I have a dataframe with the following columns:
name, date, day_index, value
I want to add a 4th column to the same dataframe which is the exponentially weighted moving average of the 3rd column (value) for each name, sorted by first date and then day_index. I can generate this as a series using the following code.
df.sort_values(['date','day_index'],inplace=True)
ecw_series = df.groupby('name').apply(lambda x:
x["value"].ewm(halflife=2).mean())
However, if I try and directly add this to the original dataframe, I get the following error:
df['ecw'] = df.groupby('name').apply(lambda x:
x["value"].ewm(halflife=2).mean())
incompatible index of inserted column with frame index
And if I try and merge the series with the dataframe I get the following error:
df['index'] = df.index
df = df.merge(ecw_series, left_on=['name','index'],right_index=True)

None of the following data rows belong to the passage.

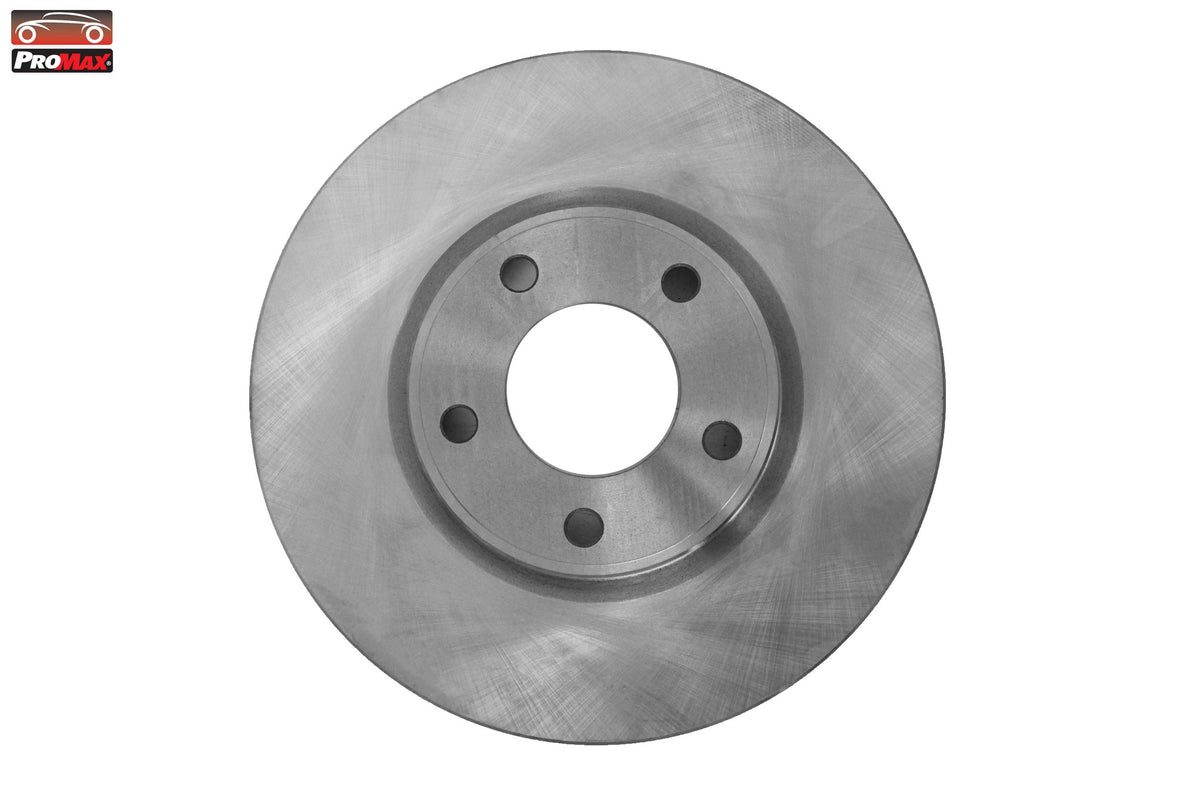 Promax Vehicle Part 14-54155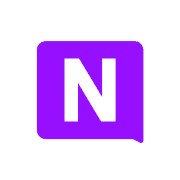 Nomi.ai favicon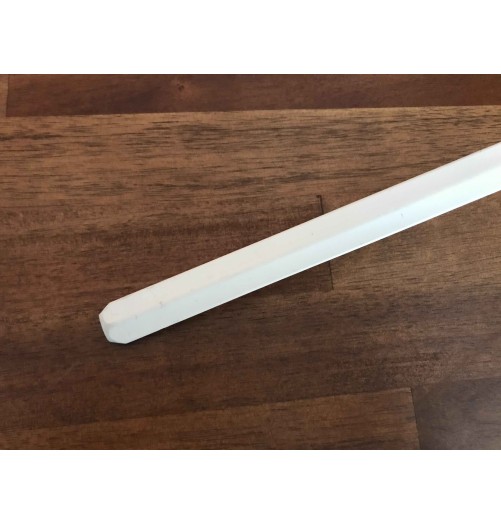 Siréna SL16 Batten Mainsail Number 3 1580*16mm SL308004 H2O Sensations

can not merge DataFrame with instance of type <class
'pandas.core.series.Series'
At this point, I was considering converting the series to a dataframe, and then merging. But I am sure there must be a better way.
The following approach works:
df['ecw'] = model_df.groupby('name')['value'].apply(lambda x:
x.ewm(halflife=2).mean())
I am still slightly confused by why you cannot reference the 'value' column within the Lambda function.